-- Opening Marker --
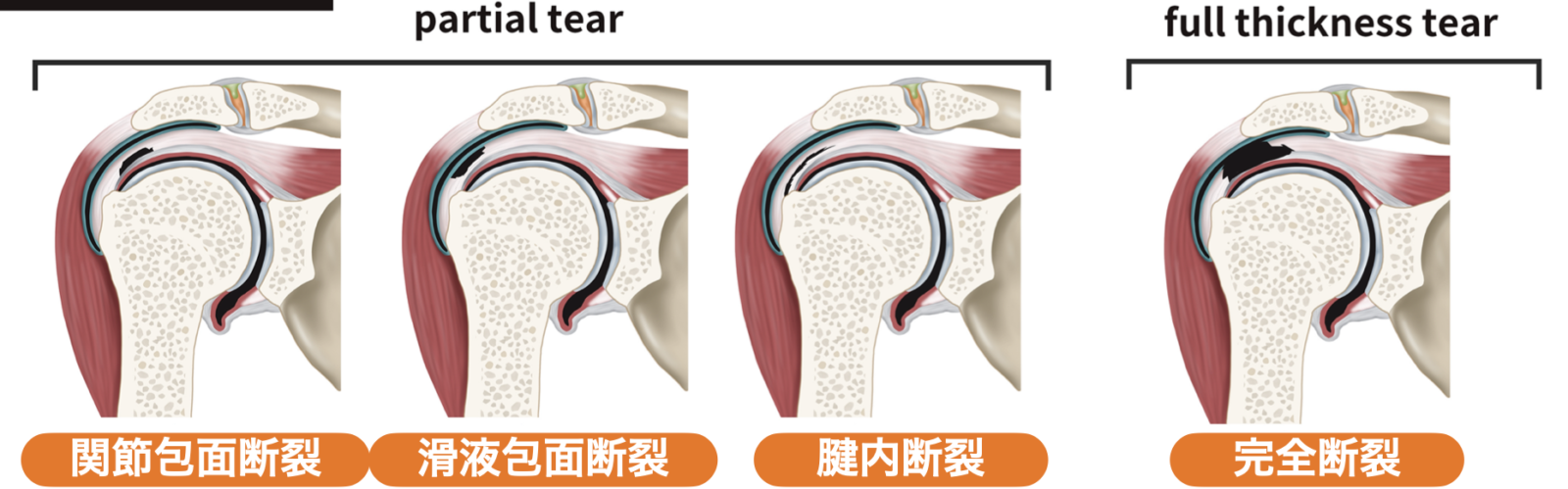 腱板断裂の症状 リハビリ 手術を医師が解説 人工関節と脊椎手術なら横浜町田関節脊椎病院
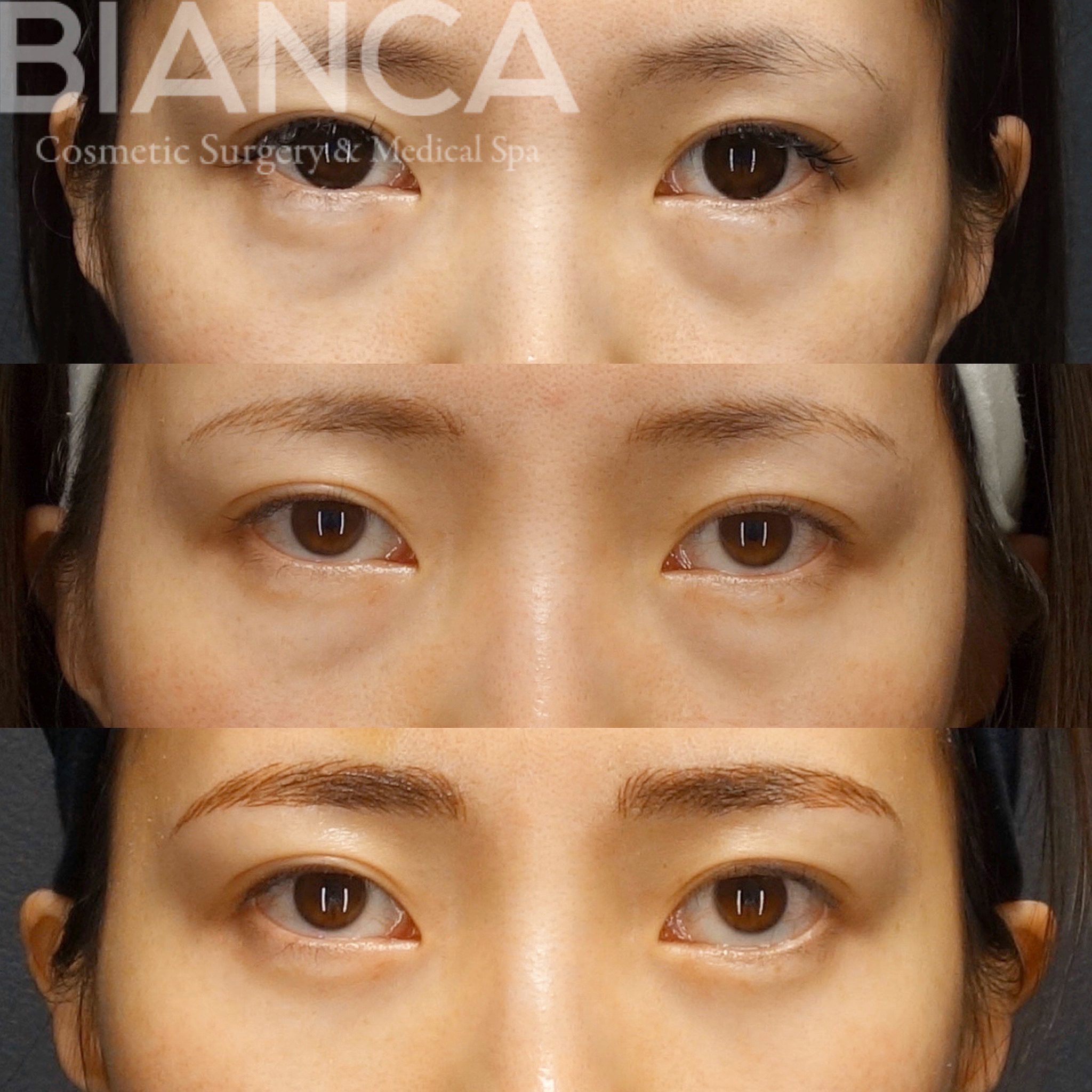 目の下クマたるみ取り✖️ヒアルロニダーゼ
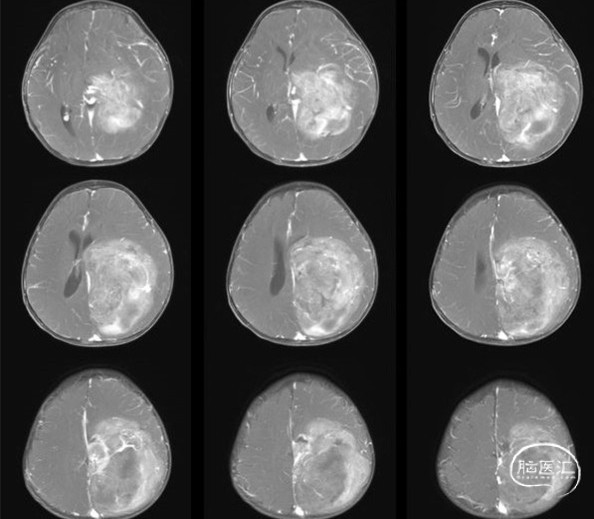 左側額頂枕葉巨大混雜信號腫塊伴瘤內出血,呈明顯不均勻強化:原始神經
-- Closing Marker --
▶ _Activity_: Begin with the line containing "目の下クマたるみ取り✖️ヒアルロニダーゼ" and end with the last line of the material above; return exactly those lines, both ends included, and omit all pictures.

▶ _Result of this exercise_:
 目の下クマたるみ取り✖️ヒアルロニダーゼ
 左側額頂枕葉巨大混雜信號腫塊伴瘤內出血,呈明顯不均勻強化:原始神經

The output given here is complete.